After that summer, Yvette began to seriously consider her husband's claims. Her first instinct was to contact the National Society for the Prevention of Cruelty to Children and the local police for a welfare check, and perhaps to submit a formal report if things were not resolved by then, but Gerard cautioned her in his gruff baritone, "There's something off going on around here..." Apparently, he had looked into cases against the Dursley's, going as far as to use his connections in the police department and the ambulance services of the mostlocal two hospitals, but every accusation against the Dursley's had been dropped, with both of those that submitted reports rescinding them, citing some variation of "I've completely forgotten what I was even worried about!" Miraculously, the police conducted no further investigation and the NSPCC never got involved.

The first person to raise accusations against the Dursley's, a nun named Sister Elizabeth Jones, had been fired from her job as an English-cum-Bible teacher at St. Grogory's Primary School the day after rescinding her allegations for being intoxicated while at work, and her charges were further discredited as a drunkard's jest. Authorities had found her later that same day wandering the streets in a severe daze and with no alcohol — or any other kind of intoxicant, for that matter — in her system.
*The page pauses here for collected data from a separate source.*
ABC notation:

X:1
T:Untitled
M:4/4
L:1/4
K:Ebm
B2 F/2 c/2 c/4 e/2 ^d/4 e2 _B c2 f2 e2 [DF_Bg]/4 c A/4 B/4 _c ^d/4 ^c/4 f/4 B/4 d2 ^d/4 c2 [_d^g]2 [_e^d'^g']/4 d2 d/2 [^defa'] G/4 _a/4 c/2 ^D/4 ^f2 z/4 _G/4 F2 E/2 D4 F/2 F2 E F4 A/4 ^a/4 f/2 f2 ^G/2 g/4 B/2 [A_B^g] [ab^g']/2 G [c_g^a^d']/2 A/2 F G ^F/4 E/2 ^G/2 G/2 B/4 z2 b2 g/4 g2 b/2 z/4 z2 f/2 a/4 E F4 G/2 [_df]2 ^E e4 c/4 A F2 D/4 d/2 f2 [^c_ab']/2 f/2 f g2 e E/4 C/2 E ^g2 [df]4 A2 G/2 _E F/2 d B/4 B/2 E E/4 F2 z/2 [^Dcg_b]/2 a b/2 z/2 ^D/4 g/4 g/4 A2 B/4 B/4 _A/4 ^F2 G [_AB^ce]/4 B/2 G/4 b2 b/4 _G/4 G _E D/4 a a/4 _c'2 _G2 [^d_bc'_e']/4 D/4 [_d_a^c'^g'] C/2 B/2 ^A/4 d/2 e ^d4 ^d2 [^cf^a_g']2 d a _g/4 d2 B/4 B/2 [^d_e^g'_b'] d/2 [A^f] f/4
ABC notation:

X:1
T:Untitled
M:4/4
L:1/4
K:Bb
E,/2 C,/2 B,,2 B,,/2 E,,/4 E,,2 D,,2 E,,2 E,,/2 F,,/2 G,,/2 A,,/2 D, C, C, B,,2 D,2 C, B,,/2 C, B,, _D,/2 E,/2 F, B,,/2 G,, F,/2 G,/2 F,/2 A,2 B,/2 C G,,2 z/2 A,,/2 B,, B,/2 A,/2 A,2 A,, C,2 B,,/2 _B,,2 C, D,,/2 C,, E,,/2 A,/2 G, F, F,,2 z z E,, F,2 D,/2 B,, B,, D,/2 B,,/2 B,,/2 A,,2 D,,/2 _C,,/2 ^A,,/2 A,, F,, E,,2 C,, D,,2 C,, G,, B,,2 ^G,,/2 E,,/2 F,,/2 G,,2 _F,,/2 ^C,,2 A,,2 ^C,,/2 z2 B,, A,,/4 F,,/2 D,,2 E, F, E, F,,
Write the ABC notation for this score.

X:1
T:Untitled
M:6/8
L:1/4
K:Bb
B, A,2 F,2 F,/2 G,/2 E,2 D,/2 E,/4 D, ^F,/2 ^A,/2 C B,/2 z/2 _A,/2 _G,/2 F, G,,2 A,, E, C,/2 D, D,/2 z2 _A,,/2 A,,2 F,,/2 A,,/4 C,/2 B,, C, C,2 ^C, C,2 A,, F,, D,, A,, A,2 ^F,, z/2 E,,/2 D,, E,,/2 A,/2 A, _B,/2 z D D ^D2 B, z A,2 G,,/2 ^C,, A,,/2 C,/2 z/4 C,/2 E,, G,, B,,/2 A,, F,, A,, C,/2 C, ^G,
The second, the school nurse at — again — St. Grogory's Primary School, a man who went by Daniel Allen, had submitted not only neglect allegations, but also abuse and child endangerment. He, like Miss Jones, dropped his allegations and was found several hours later wandering the streets the next day — only, he had severe amnesia and no recollection of Harry Potter at all. He ended up being let go from his position ot St. Grogory's because he had no idea how to do his job or even what it entailed, and permanently induced to the psychiatric ward of Royal Surrey County Hospital after several instances where he had forgotten how to breathe.

Authorities had apparently meant to perform further investigations, as even just two accusations within the same nine-month period would be enough to raise concern, let alone the eerily similar repeals and incidents following in the same time frame, however the officers forgot and any documentation on the case was lost.